Among the records below, find the line with "Nghệ An xuất" and the line with "Executive Maisonette Suite". Set down both and every line between, exactly and with no pictures, but nothing else.

[[ Data excerpts open ]]

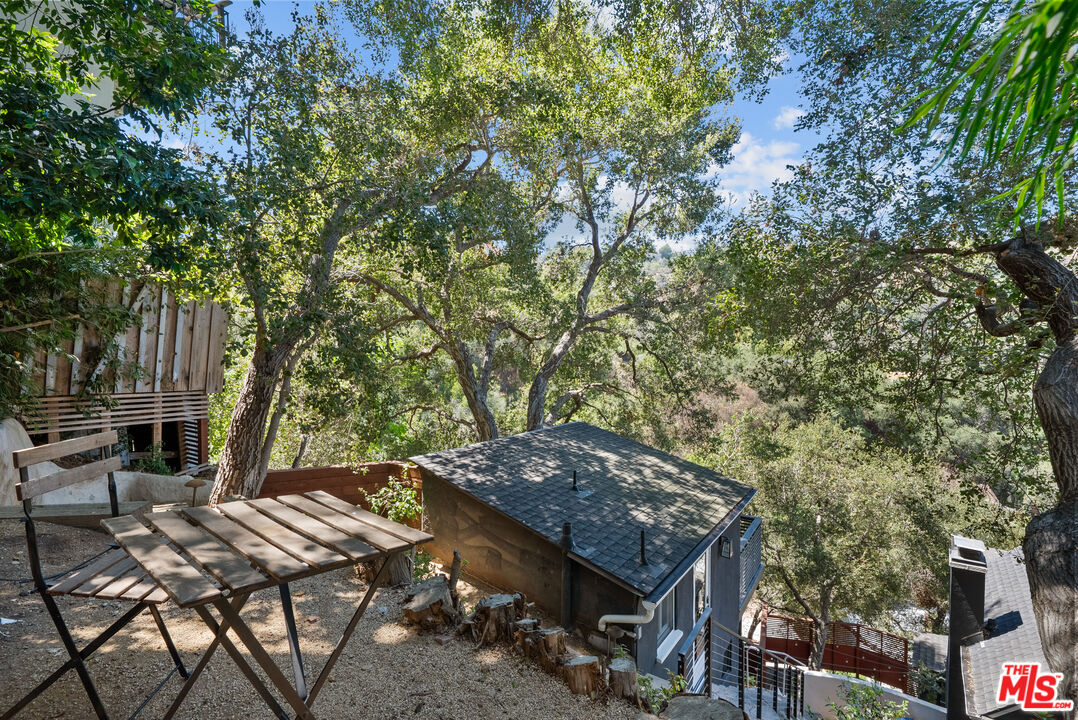 Property photo 32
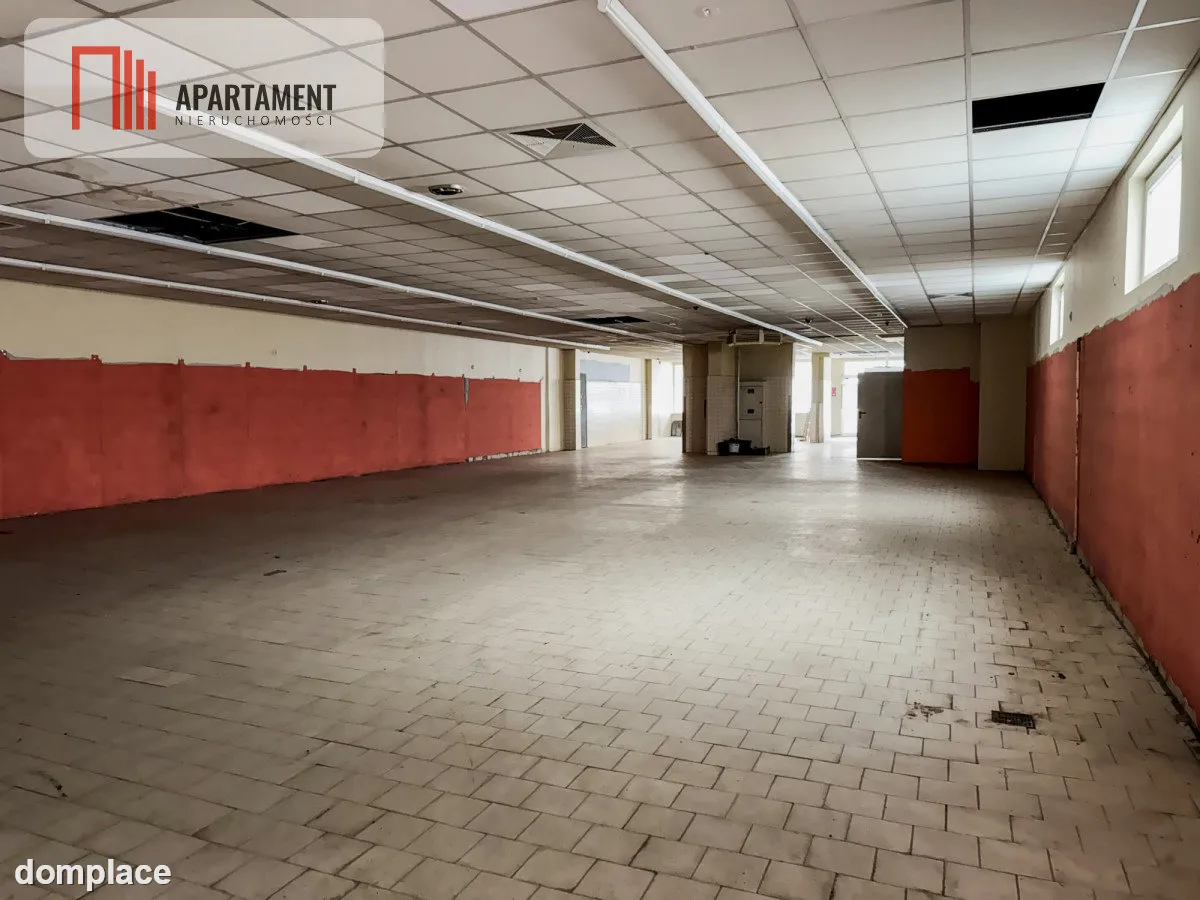 Lokal handlowo-usługowy Nakło 620m² d. lokalizacja — zdjęcie 3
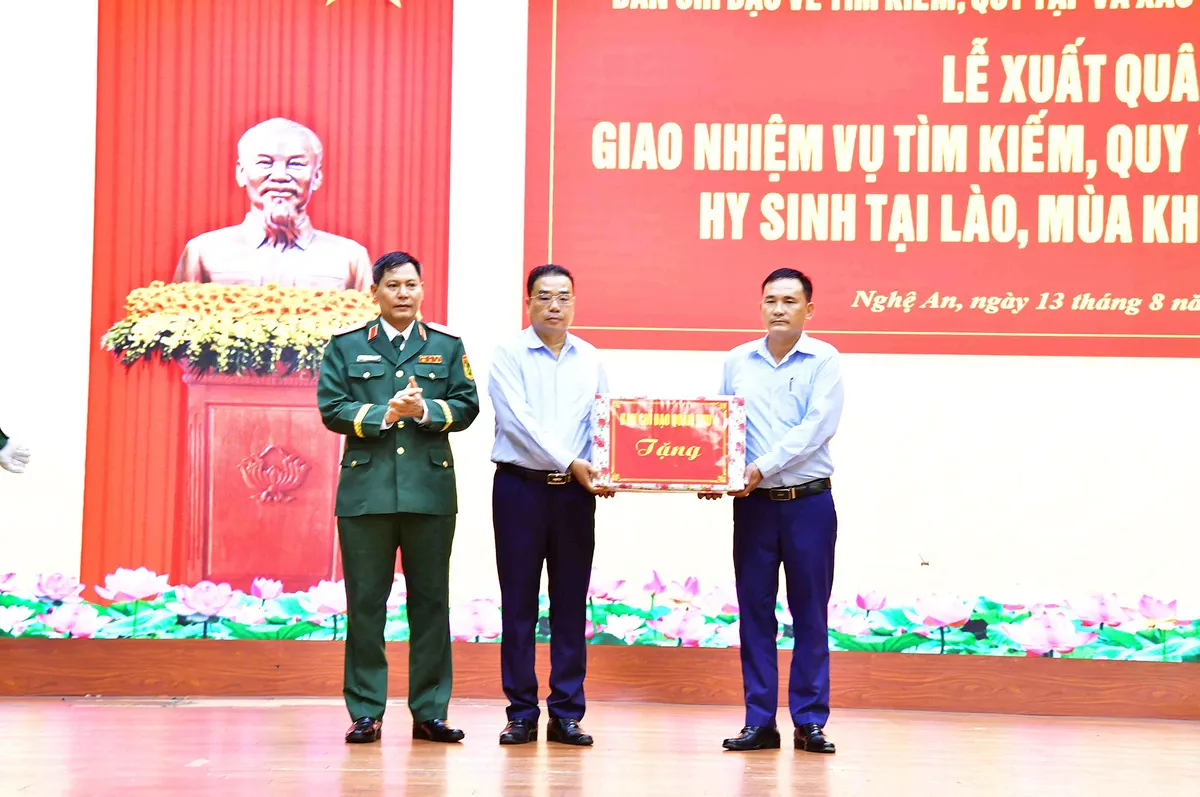 Nghệ An xuất quân thực hiện nhiệm vụ tìm kiếm, quy tập hài cốt liệt sĩ mùa khô 2026-2027 - Ảnh 1.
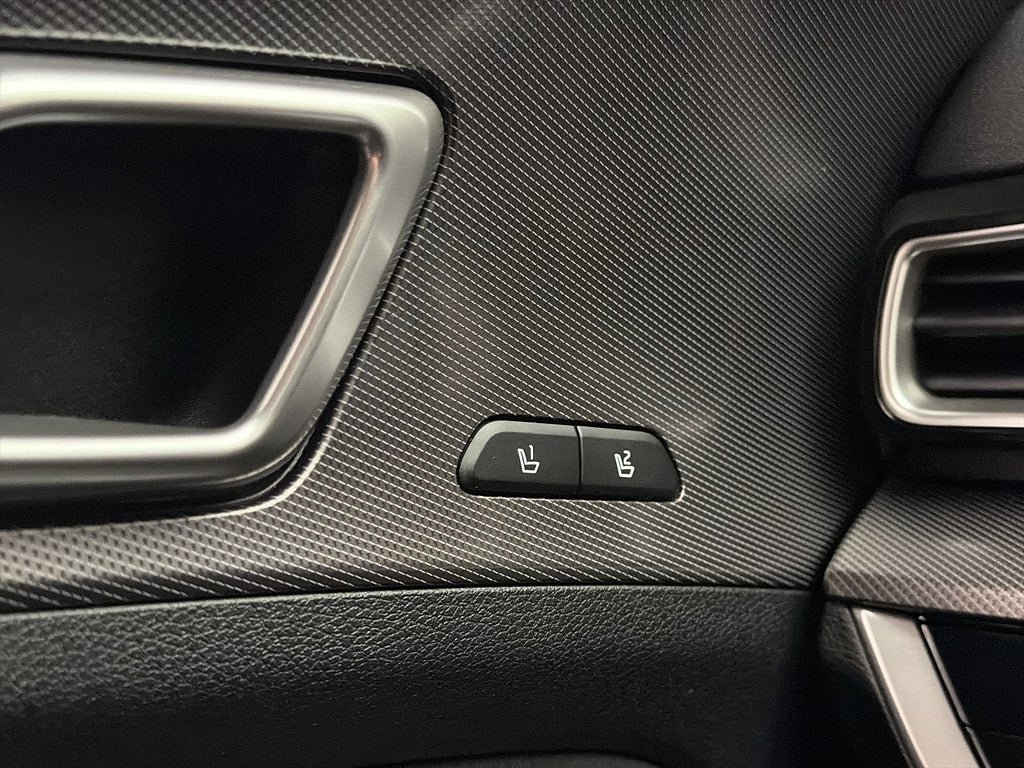 Vehicle Image 28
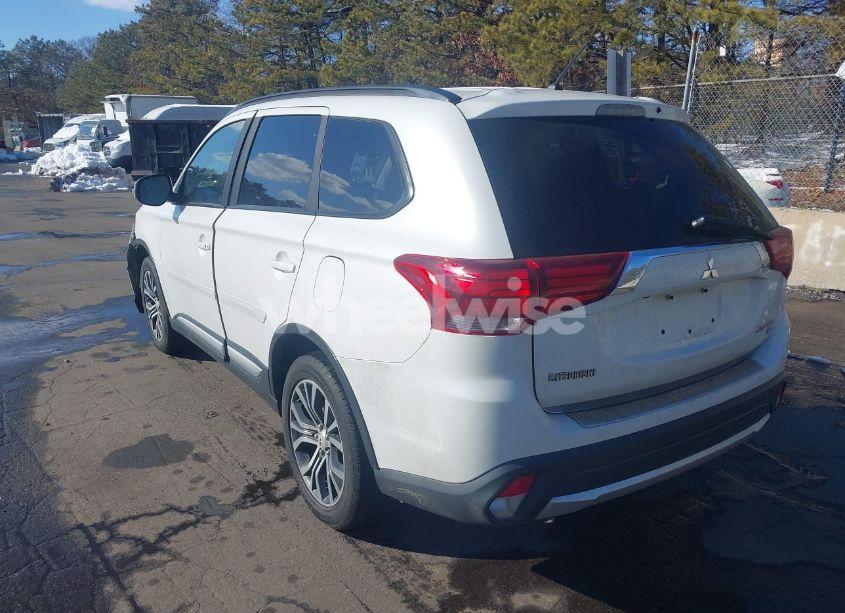 Photo 3 of 2016 Mitsubishi Outlander SEL (VIN JA4AZ3A34GZ035189)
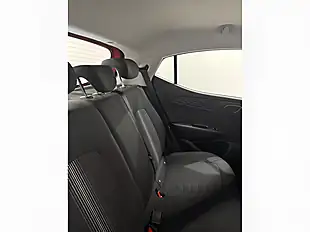 Used 2022 Hyundai i10 Se Dragon Red - Interior and Exterior details 13
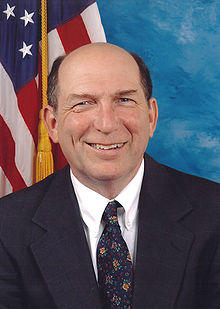 Wayne Gilchrest of Maryland, official portrait.jpg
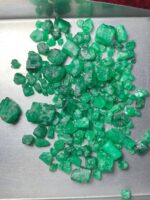 101.90ct Swat Emerald Rough Lot (11x9x7mm): Untouched Natural Green Gems from Pakistan - Image 5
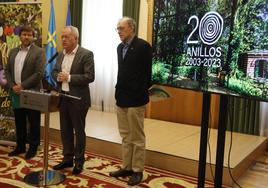 El concejal de Medio Ambiente y Movilidad, Aurelio Martín, estuvo acompañado en la presentación de los actos por Javier Nievas, de Caja Rural de Asturias, y Pedro García, superior de la Compañía de Jesús en Asturias.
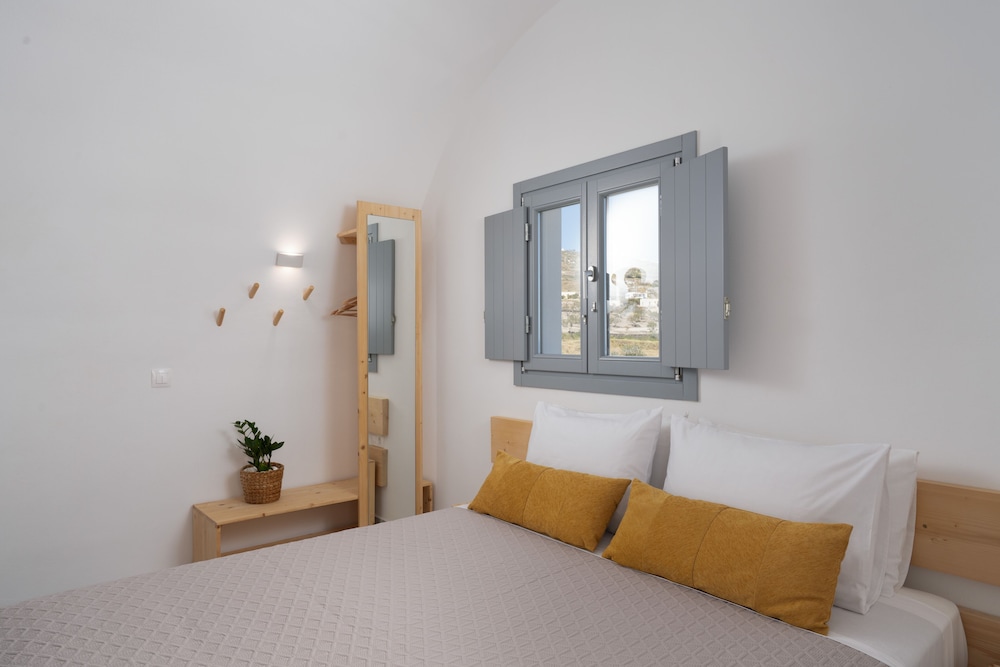 Executive Maisonette Suite with private balcony and Sea View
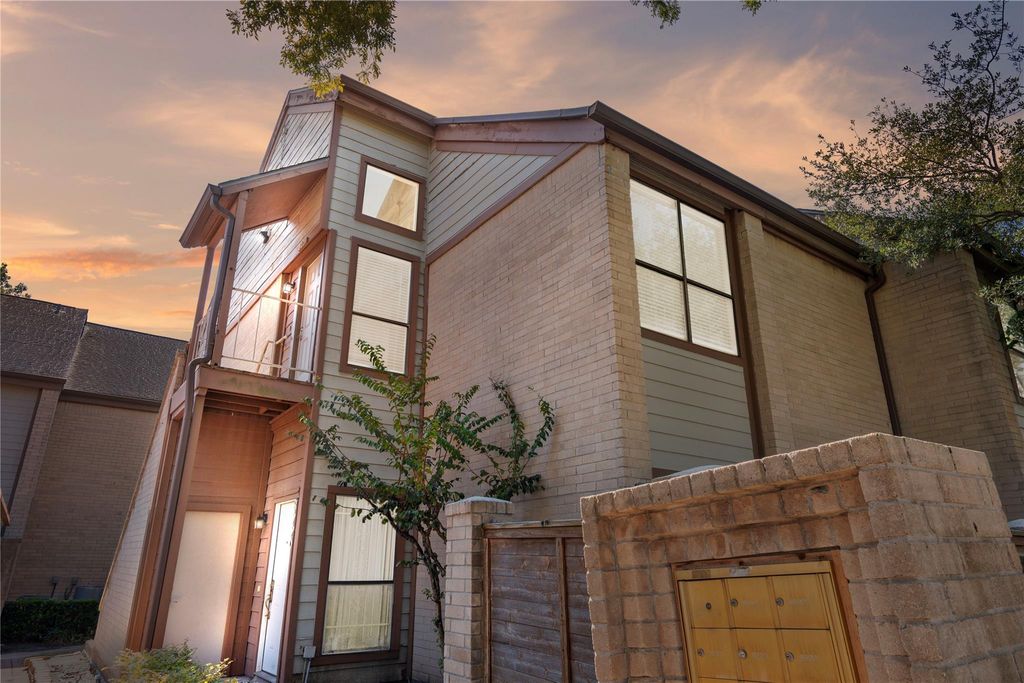 8231 Sands Point Drive 154, Houston, TX 77036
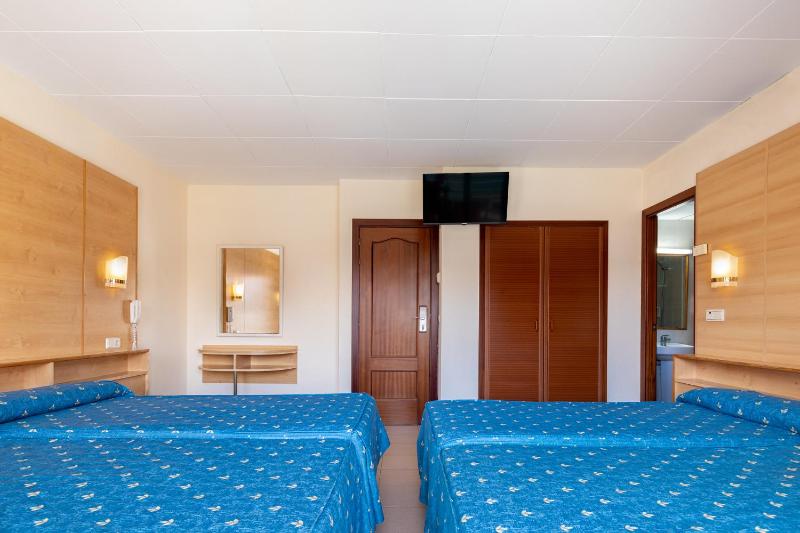 Double Room with Extra Bed (3 Adults) image 1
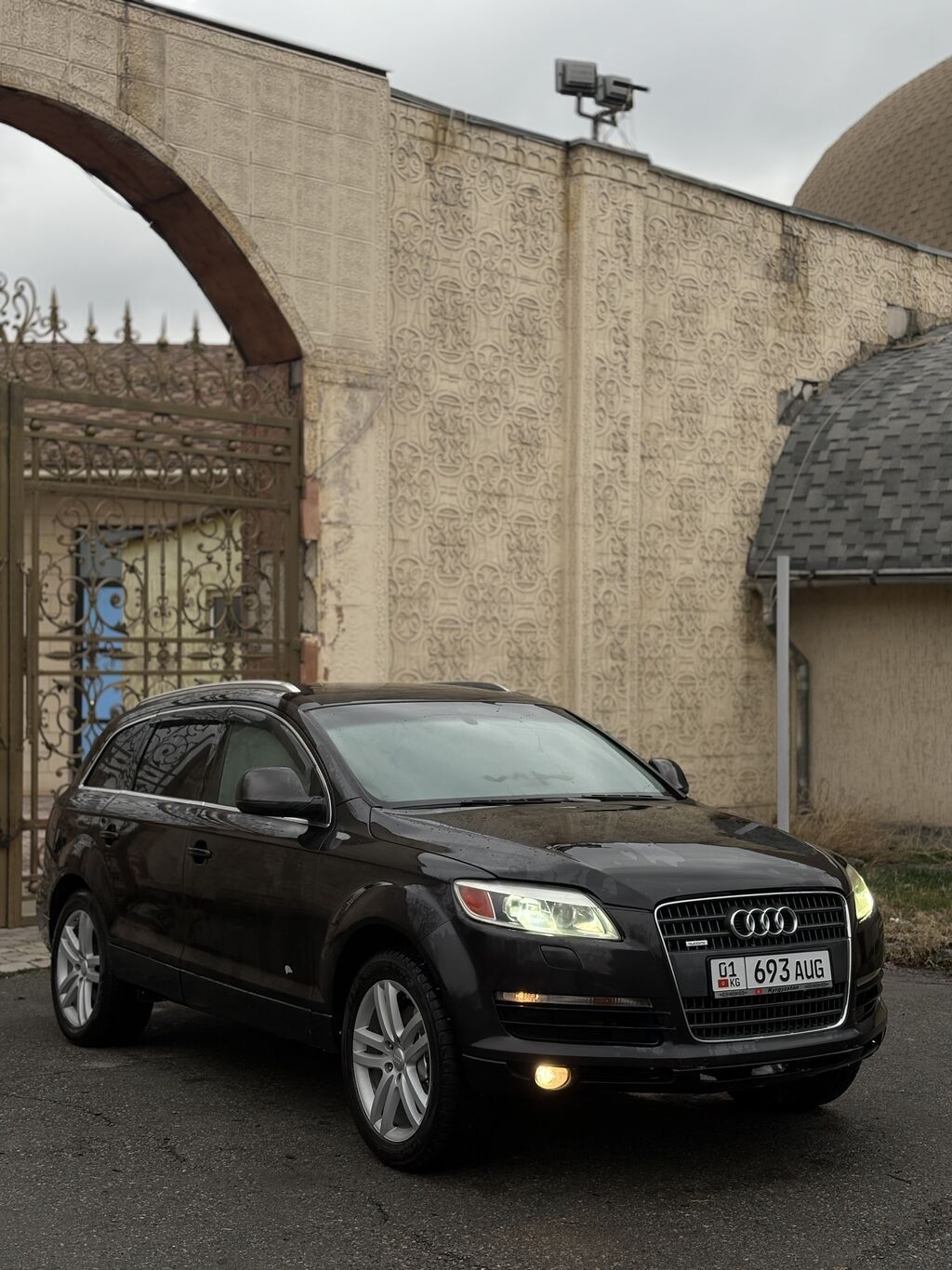 Audi Q7
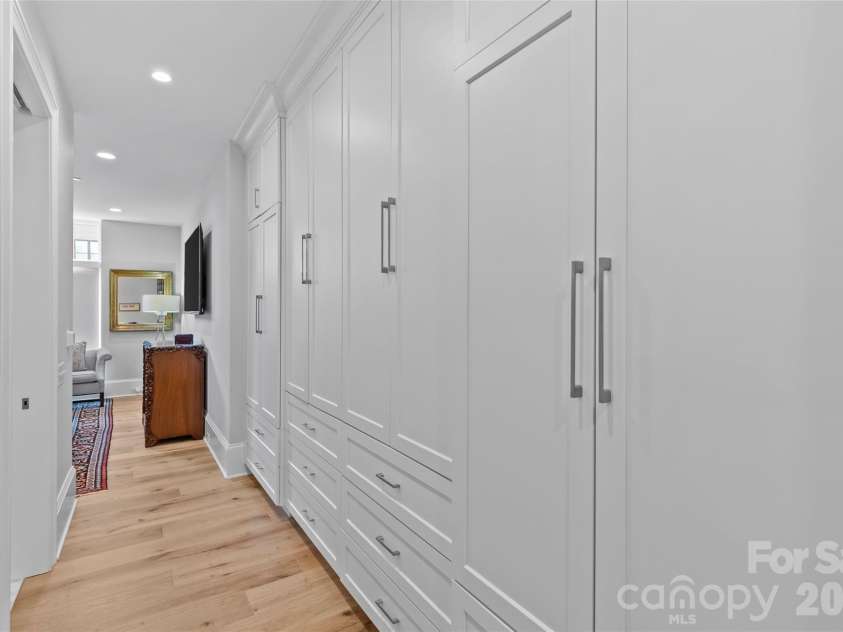 1500 Queens Road, Charlotte, NC 28207.  MLS# CAR4374696, YatesRealty ID 23388.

[[ Data excerpts closed ]]

Written response ▸
 Nghệ An xuất quân thực hiện nhiệm vụ tìm kiếm, quy tập hài cốt liệt sĩ mùa khô 2026-2027 - Ảnh 1.
 Vehicle Image 28
 Photo 3 of 2016 Mitsubishi Outlander SEL (VIN JA4AZ3A34GZ035189)
 Used 2022 Hyundai i10 Se Dragon Red - Interior and Exterior details 13
 Wayne Gilchrest of Maryland, official portrait.jpg
 101.90ct Swat Emerald Rough Lot (11x9x7mm): Untouched Natural Green Gems from Pakistan - Image 5
 El concejal de Medio Ambiente y Movilidad, Aurelio Martín, estuvo acompañado en la presentación de los actos por Javier Nievas, de Caja Rural de Asturias, y Pedro García, superior de la Compañía de Jesús en Asturias.
 Executive Maisonette Suite with private balcony and Sea View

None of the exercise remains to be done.